START EXERCISE DATA

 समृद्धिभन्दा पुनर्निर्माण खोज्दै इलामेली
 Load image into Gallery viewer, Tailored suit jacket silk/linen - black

END EXERCISE DATA
START EXERCISE DATA

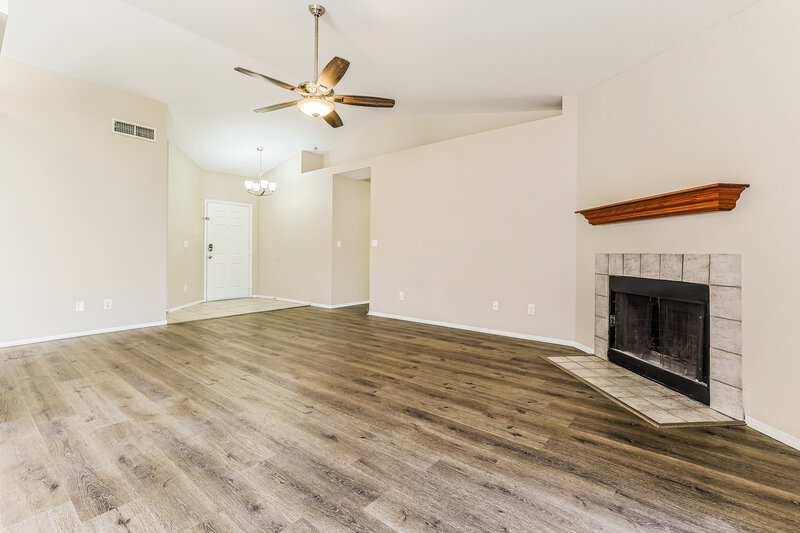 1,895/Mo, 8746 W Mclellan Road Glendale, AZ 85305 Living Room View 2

END EXERCISE DATA
START EXERCISE DATA

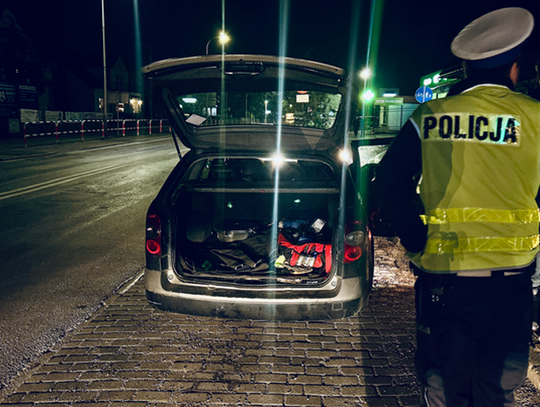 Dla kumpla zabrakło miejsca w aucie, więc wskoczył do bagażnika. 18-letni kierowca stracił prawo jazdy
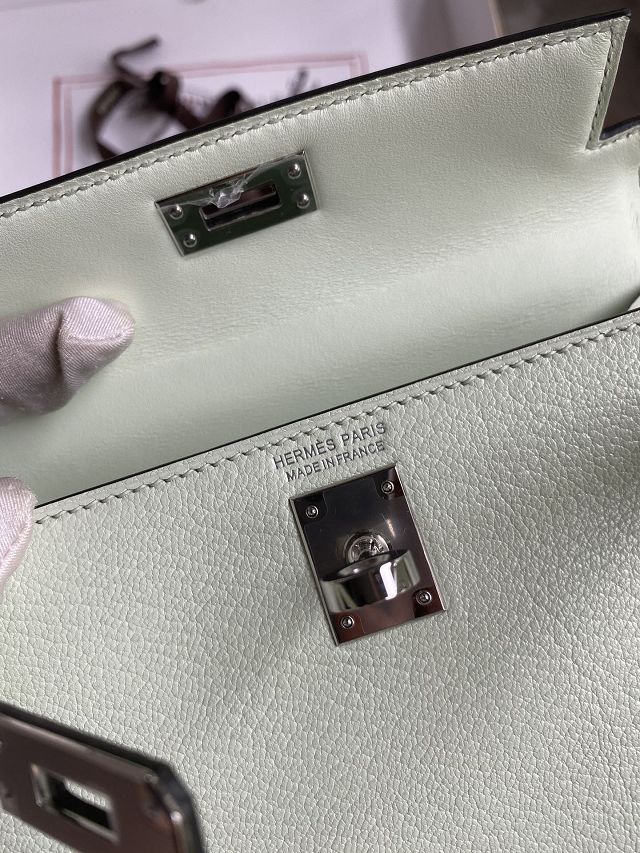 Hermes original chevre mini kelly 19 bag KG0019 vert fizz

END EXERCISE DATA

### [WHAT IS REQUIRED]
Copy the stretch of the records above that runs from the line with "समृद्धिभन्दा पुनर्निर्माण खोज्दै इलामेली" through the line with "Load image into". Both end lines belong in the copy, and nothing else does.

### [ANSWER TO THIS TASK]
 समृद्धिभन्दा पुनर्निर्माण खोज्दै इलामेली
 Load image into Gallery viewer, Tailored suit jacket silk/linen - black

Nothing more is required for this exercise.